Today is Bastille Day, the French national holiday, so it might seem appropriate that the Federal Government’s asylum seeker policy is rapidly becoming more madcap than a French farce. After being elected with a mandate to end the so called “Pacific Solution”, the Rudd Government continued to keep the processing of asylum seekers off shore by confining it to Christmas Island. With increased numbers of boats arriving, pressure mounted upon both the detention facilities and the Government’s policies, resulting in the bizarre spectacle that we have witnessed unfolding in the past eight days, and culminating in the prospect of once again using the facilities at Nauru. It’s not just ironic, it’s almost a paradox.
On Tuesday of last week, the sixth of July, our new Prime Minister Julia Gillard presented her speech to the Lowy Institute reassuring Australians that it is perfectly alright to feel fear and anxiety about asylum seekers, instead of advising Australians that any fears and anxieties that they may have been encouraged to feel are in fact unfounded. She then proceeded to announce that discussions had been initiated with the President of East Timor in relation to a proposed Regional Refugee Processing Centre. It was immediately, and inevitably, branded the “East Timor Solution”.

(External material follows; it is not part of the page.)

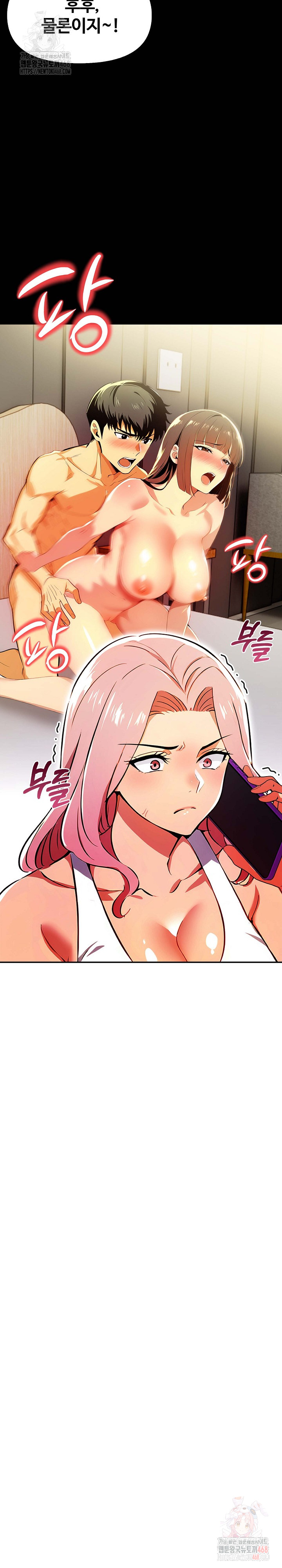 Mom’s Friends Raw Chapter 20 image 12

Within minutes the Government was rejecting suggestions that the policy was nothing more than a revamp of the Howard Government “Pacific Solution”. Instead, the Gillard Solution was supposedly of a different character altogether because, unlike Nauru, the proposed Centre would be constructed with the co-operation of regional neighbor nations as well as the United Nations High Commission on Refugees. Within 48 hours, the Prime Minister was denying that she had ever said that the centre would actually be built in East Timor, because as it turns out, a quick phone call to Jose Ramos Horta on Monday night wasn’t really enough to lock in East Timorese support for a policy announced on Tuesday. Instead, the Centre could end up being built in Papua New Guinea, or some other unspecified location.

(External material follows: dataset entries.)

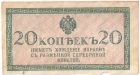 Бона 20 копеек 1915 года арт 33155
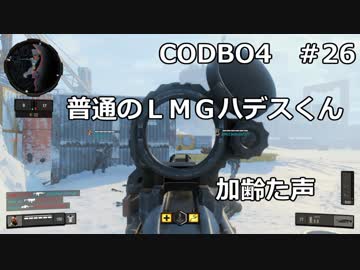 【Call of Duty: Black Ops 4　♯26】加齢た声でゲームを実況～普通のＬＭＧハデスくん～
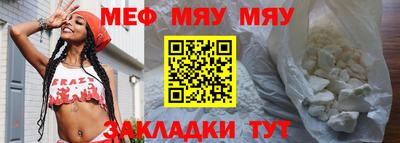 сатива Гусев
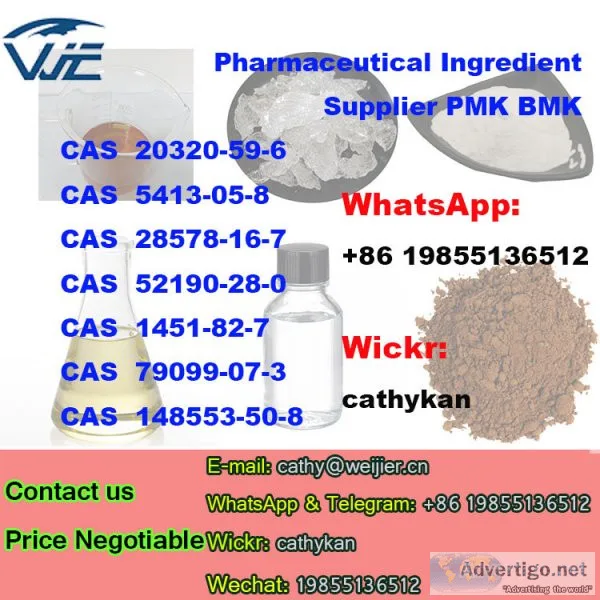 Cas 20320-59-6 oil safe shipping in stock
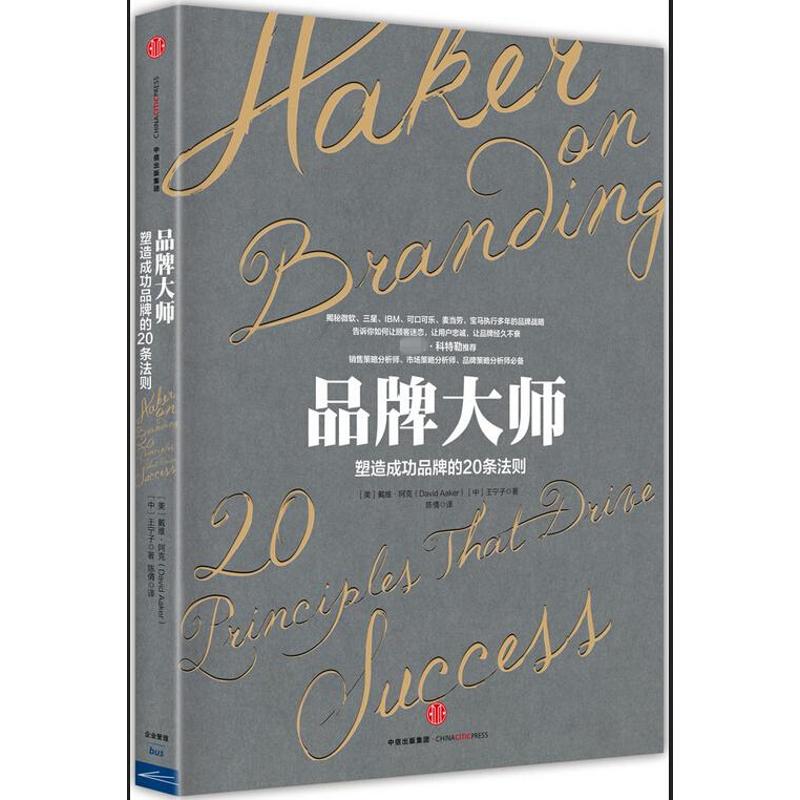 品牌大师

By this point it was becoming impossible to ignore the constant calls by Tony Abbott, and others, for Nauru to be considered for the job. If there is to be off shore processing at all, surely Nauru would have to be a candidate, for a number of reasons. First, and most obviously, it has already performed this role before and the facilities are still there ready to be pressed into service. The Government of Nauru has indicated its willingness to take on the job, having already enjoyed the benefits of the economic boost which arrived courtesy of the Australian taxpayer’s money, and they’re naturally more than happy to take our money again.
But no, said our Prime Minister, East Timor is our first preference because any country which undertakes this function should be a signatory to the United Nations Convention on Refugees, and Nauru is not. That’s fair enough if the aim is to provide a genuine framework for the better handling of the refugee challenge across the region. But wait a minute, the President of Nauru, Marcus Stephen, has now said that the Convention is not an obstacle because he is prepared to sign up. If that’s the case, you really have to ask the question, what’s the difference whether the Solution is in East Timor or on Nauru?
Of course, the farce can only be complete if Julia Gillard actually embraces the Nauru option, but the hollow rhetoric has already become embarrassingly obvious.